Once or twice when I was young my parents dressed up my three siblings and me in our neatest clothes and hauled us off to the local photographer for a family portrait. The owner of the studio, which was on West 10th, was Mr. Pinkerton. He would attempt to keep us amused as he changed our poses, shifted the lights and generally tried to elicit our sweetest smiles. The results hung on the walls of the family home or stood in frames on tables around the house.
I was reminded of these sessions with Mr. Pinkerton as I leafed through the pages of a gorgeous new book from the Chinese Canadian Historical Society of BC. Chinatown Through a Wide Lens: the Hidden Photographs of Yucho Chow, by curator Catherine Clement, documents the career of a photographer, Yucho Chow, who was active in the city from 1907 to his death in 1949. Almost every image is displayed on a full page and is accompanied by a brief explanatory text with Chinese translation. It is likely going to be the most beautiful book I read this year.

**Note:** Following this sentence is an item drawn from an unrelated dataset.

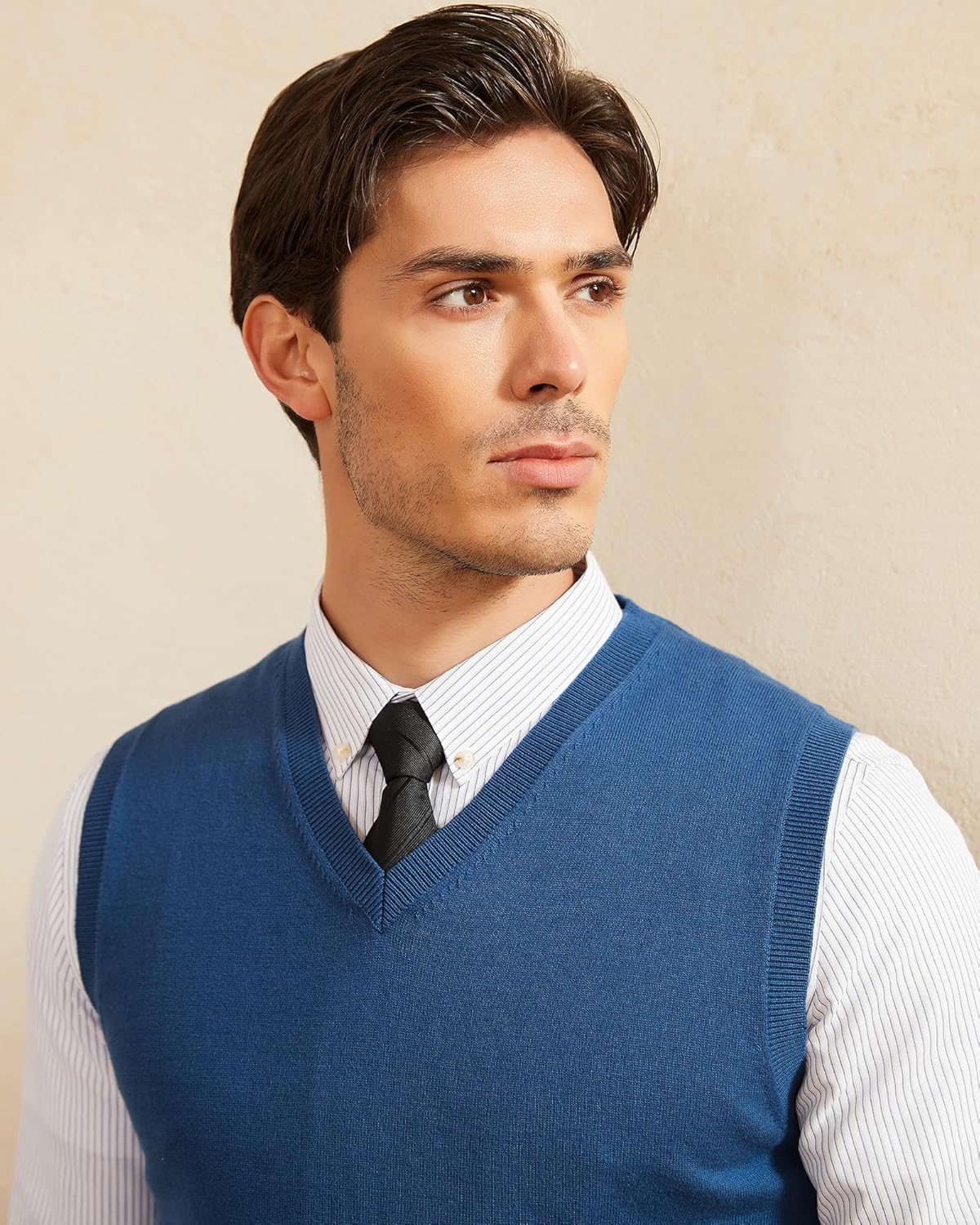 Kallspin Mens Slim-Fit V-Neck Cotton Vest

There are some "famous" faces in the collection: Douglas Jung, Canada's first Chinese-Canadian Member of Parliament; Wally Oppal, a former provincial attorney-general; the writer Wayson Choy. But the value of the book lies in the images of so many ordinary lives well lived: shopkeepers, athletes, bankers, boxers, soldiers, homemakers, cannery workers, tailors. A cross-section of occupations in the city but also a cross-section of cultural groups. Along with members of the Chinese community Yucho photographed African Canadians, Sikhs, Indigenous people, European immigrants from many different countries. They all came to his studio to make a record of their familiar family milestones: weddings, birthdays, anniversaries, graduations.
Yucho Chow "played a pivotal role in chronicling the history of Vancouver's early immigrant and marginalized communities," writes Catherine Clement. "These photos ... are the last visual evidence that this story ... their story ... ever took place."